計ってもらった数字を見て、今度こそ頭を殴られたようなショックを受けました。体重2660グラム。産まれたときの体重は、3216グラム。生後一旦減るものの、最初の1ヶ月でプラスマイナス1kg増くらいが標準だといいますが……娘は、体重が減ったままでした。

 

■「母乳で育てなければ」という思い込み
どうしてこんなことになったのか。それは、わたしがいわゆる「母乳育児」につまづいたからです。

 

そもそも、出産前の産院でのアンケートでも「母乳育児を希望」に躊躇なくマルをつけていました。

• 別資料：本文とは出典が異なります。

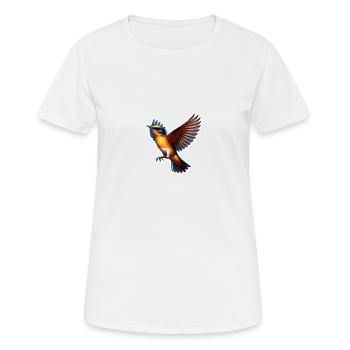 Pretty Kingfisher - Women's Breathable T-Shirt - white - Front - AI Model Female 172 dark (172cm)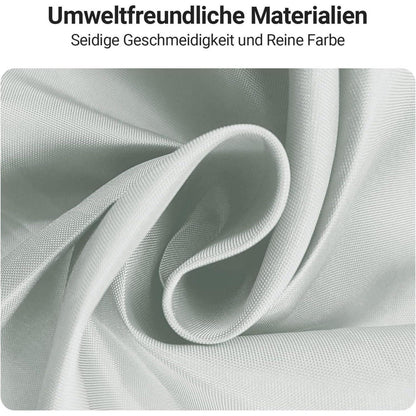 Duschvorhang Grau 180x180 cm Textil Wasserabweisend Waschbar mit Ringen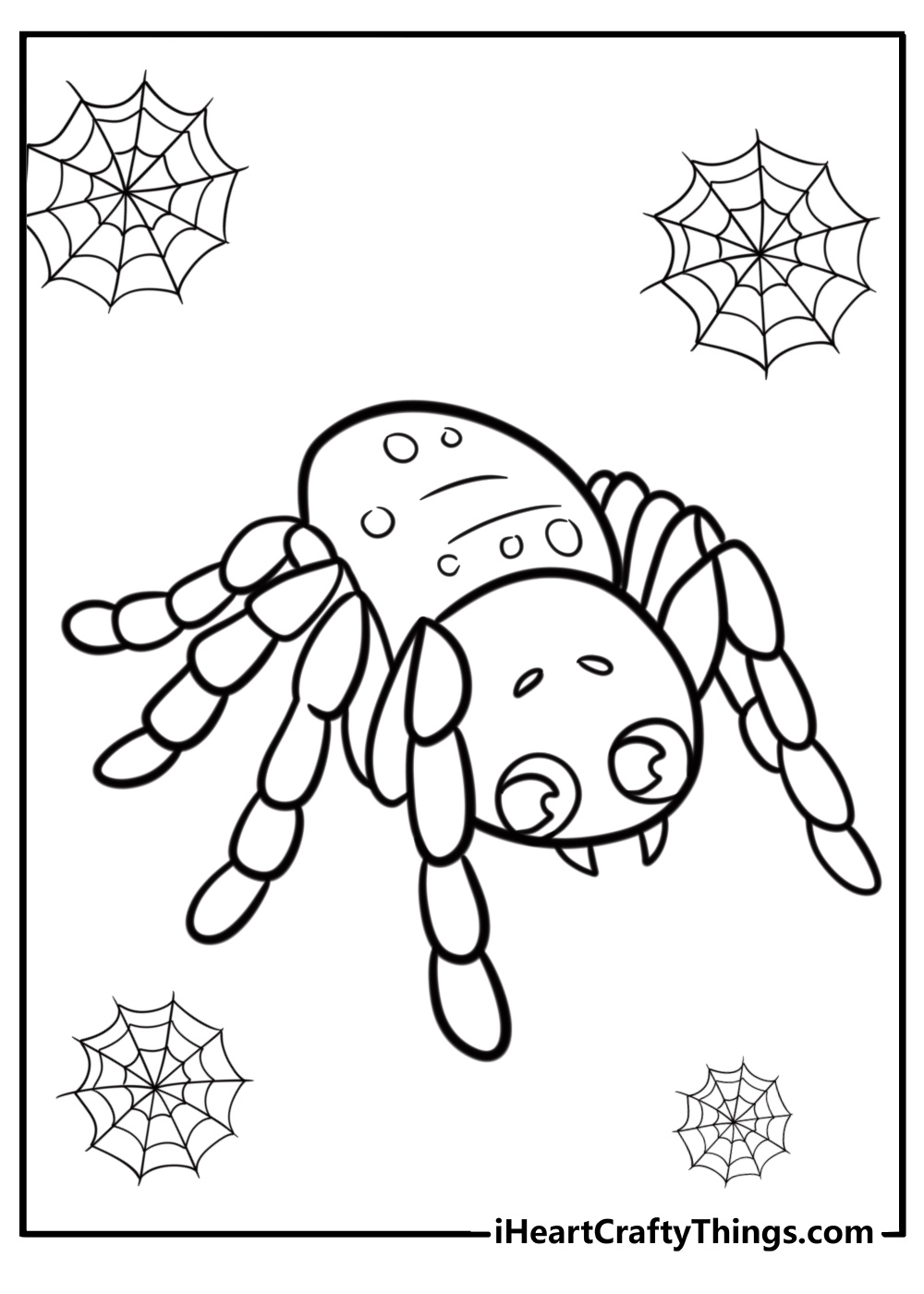 Spider coloring pages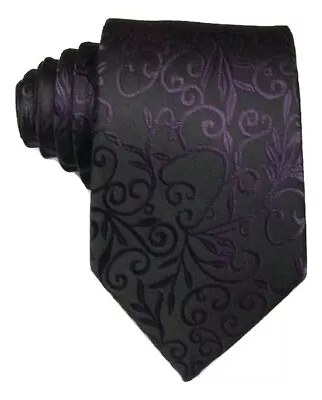 Swirl Paisley Floral Flower Handmade Regular Width Men Tie UK Wedding • £3.99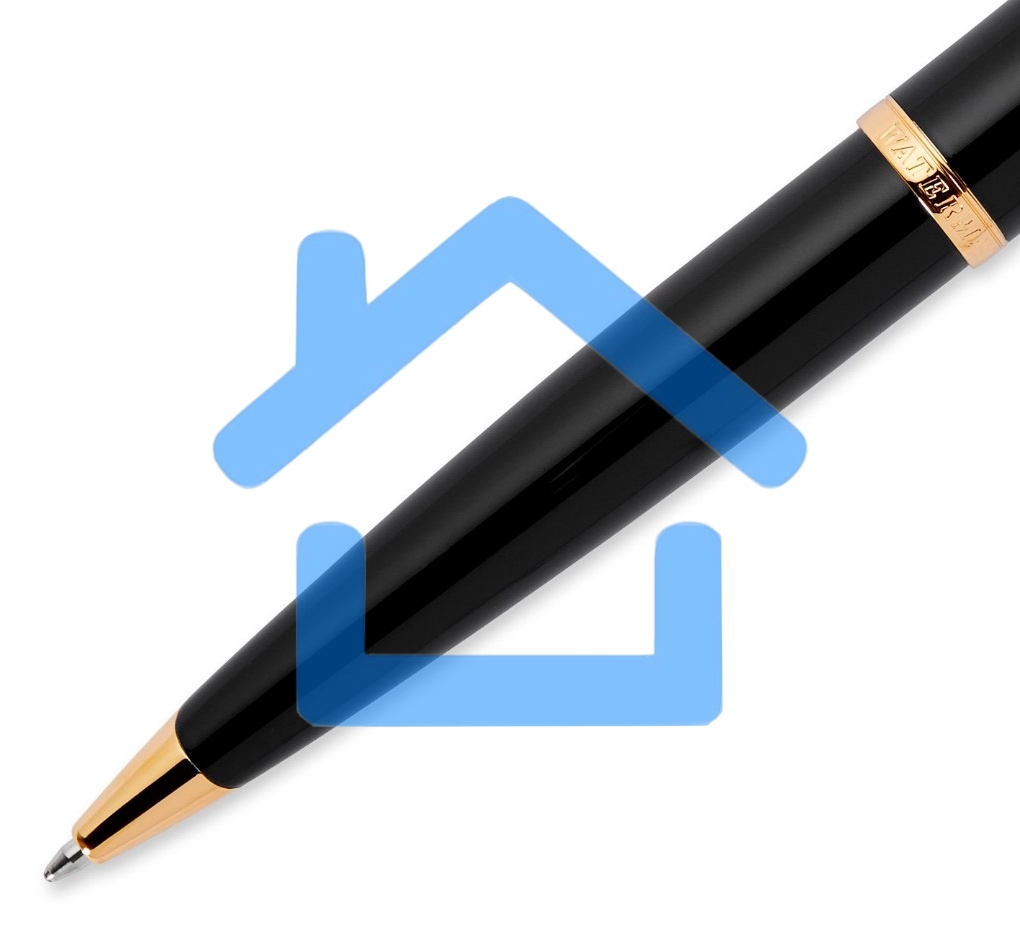 Ручка шариковая Waterman Carene (CWS0700380) Black GT M, синие чернила, подарочная коробка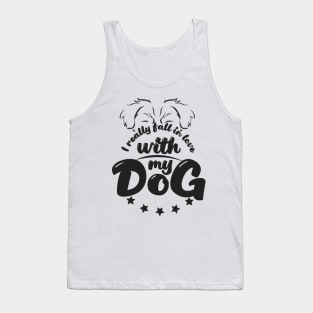 I really fall in love with my dog Tank Top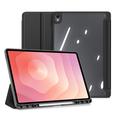 Dux Ducis Toby Custodia Smart Folio Tri-Fold per Samsung Galaxy Tab S12+ - Nera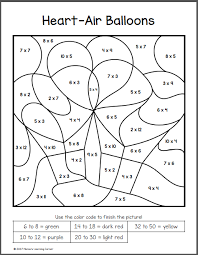 This valentine's day color key multiplication can be used as a fun way for your students to review basic facts this february. Valentine Color By Number Worksheets 99worksheets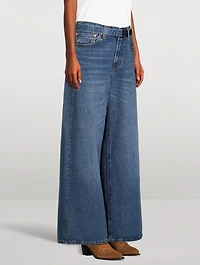 sacai x Levi's® Wide-Leg Jeans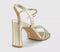 Womens OFFICE Honey Strappy Heeled Sandals Gold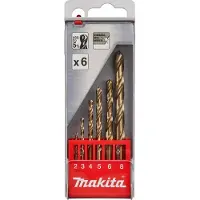 Makita jeu de perceuses à métal 6 pièces D-57168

母乳で育てることのメリット(初乳の栄養や母体の回復も早まること、経済的なことetc.)は予備知識として知っているつもりでしたし、実母や義母はじめ、近しい先輩母たちから母乳で育てた話ばかり聞いていたのもあって「わざわざミルクを使わなくても、母乳で充分」程度に考えていました。

 

産後の入院中は、病院の指導のもと、娘が泣くたびに授乳+わずかなミルクを与えていました。

 

2日もしないうちに乳首がガサガサにひび割れてしまい、痛くてたまらないので助産師さんに相談すると、「赤ちゃんの唾液でかぶれている」とのことで、ラノリン(羊脂)の軟膏を授乳のたびに塗りました。

 

娘が一生懸命吸おうとしているのは分かるのですが、母乳が出ている感覚はなく、でもミルクを増やすようにという指導もないまま退院を迎えます。

 

そのとき頭にあったのは、産前にどこかで読んだ「胸が張ったり母乳が溢れるようになるのはしばらくしてから、それまではとにかく吸わせるしかない」という話でした。

 

そこで、1ヶ月検診まではとにかく「泣いたら吸わせる」で様子をみようと思いました。地域の保健師さんが巡回に来てくれるから、問題ないかを相談しよう、とも。夫も賛成し、あまり無理していそうなら止めるから、と言ってくれました。